L’infirmier chargé de toute fonction de coordination ou d’encadrement veille à la bonne exécution des actes accomplis par ces professionnels, dont il coordonne ou encadre l’activité. Il veille à la compétence des personnes qui lui apportent leur concours. Cependant, il est nécessaire de procéder à une mise en garde contre l’erreur médicamenteuse. Par analogie avec le secteur sanitaire, il est utile de retenir que celle-ci peut être définie comme « l’omission ou la réalisation non intentionnelle d’un acte au cours du processus de soins impliquant un médicament, qui peut être à l’origine d’un risque ou d’un événement indésirable pour le patient« , selon un arrêté du 6 avril 2011 applicable aux établissements de santé.
En effet, l’établissement est tenu, au titre de son obligation de sécurité de moyens (article L311-3 du Code de l’action sociale et des familles), de prévenir les erreurs liées à la manipulation relevant de l’aide à la prise des médicaments.
Conformément aux recommandations de la Haute Autorité de santé, il est avisé d’appliquer la règle dite des 5 B, consistant à « administrer au bon patient, le bon médicament, à la bonne dose, sur la bonne voie, au bon moment« .

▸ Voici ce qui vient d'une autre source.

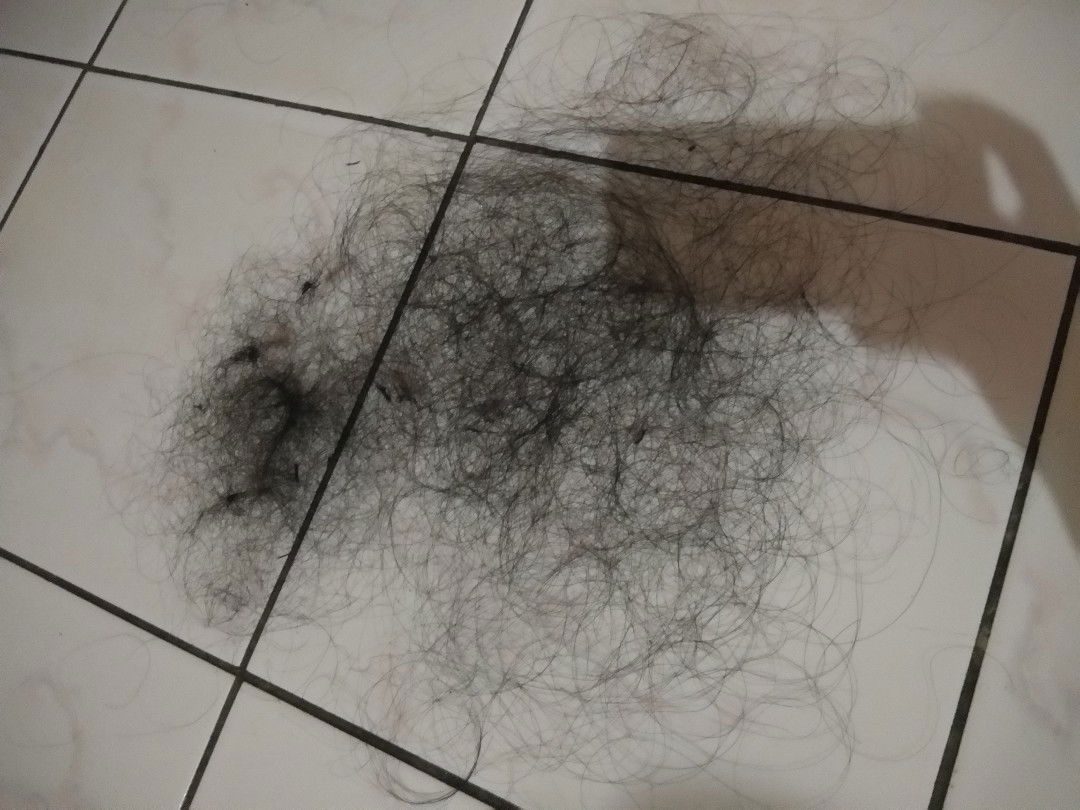 pngen rambut kmbali normal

Le cas des médicaments classés stupéfiants
Un médicament classé stupéfiant peut-il être dispensé par un aide-soignant en l’absence de l’IDE ? Conformément aux dispositions énoncées par les articles R4311-1 à R4311-5 du Code de la santé publique, il n’est pas fait obstacle à ce que l’aide-soignant puisse réaliser « l’aide à la prise des médicaments présentés sous forme non injectable« . Néanmoins, l’administration d’un médicament classé stupéfiant, ne peut être qualifiée comme un soin courant de la vie quotidienne au sens de l’article L313-26 du Code de l’action sociale et des familles, permettant à l’aide-soignant de le réaliser en dehors de la présence de l’IDE.

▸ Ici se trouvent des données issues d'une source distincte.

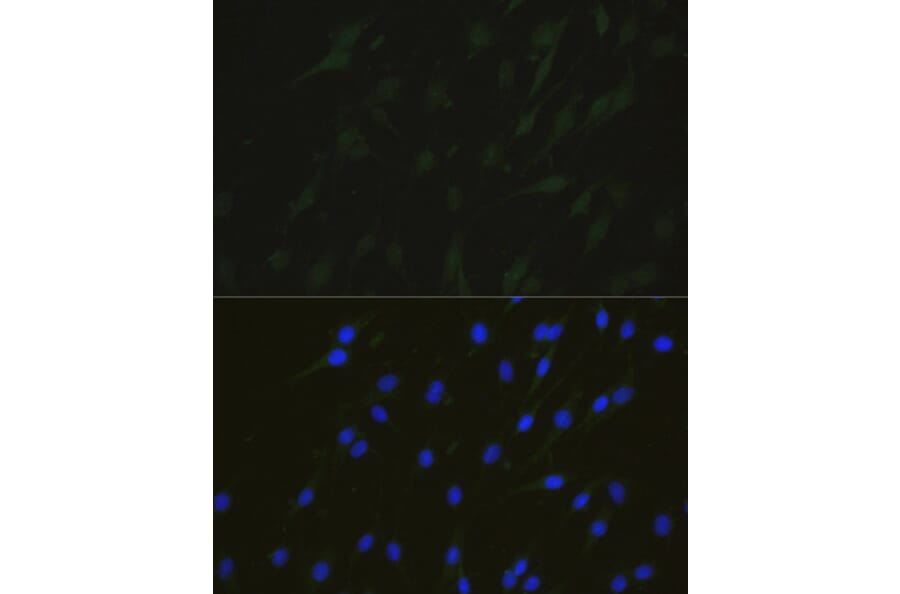 Immunofluorescence - Anti-NHEJ1 Antibody (A4985) - Antibodies.com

Sur ce point, le juge a récemment eu l’occasion de se prononcer en appel, en estimant que l’administration d’un produit non injectable à base de morphine classé stupéfiant par une aide-soignante est contraire aux dispositions réglementaires des articles R4311-1 et suivants du Code de la santé publique (cour d’appel de Nîmes, Gard, 7 juin 2023). In fine, afin d’assurer la sécurisation du circuit du médicament, toute administration à un résident d’un produit stupéfiant, notamment d’un morphinique, ne peut être réalisée par un aide-soignant par délégation d’un infirmier que lorsque ce dernier peut en assurer le contrôle effectif.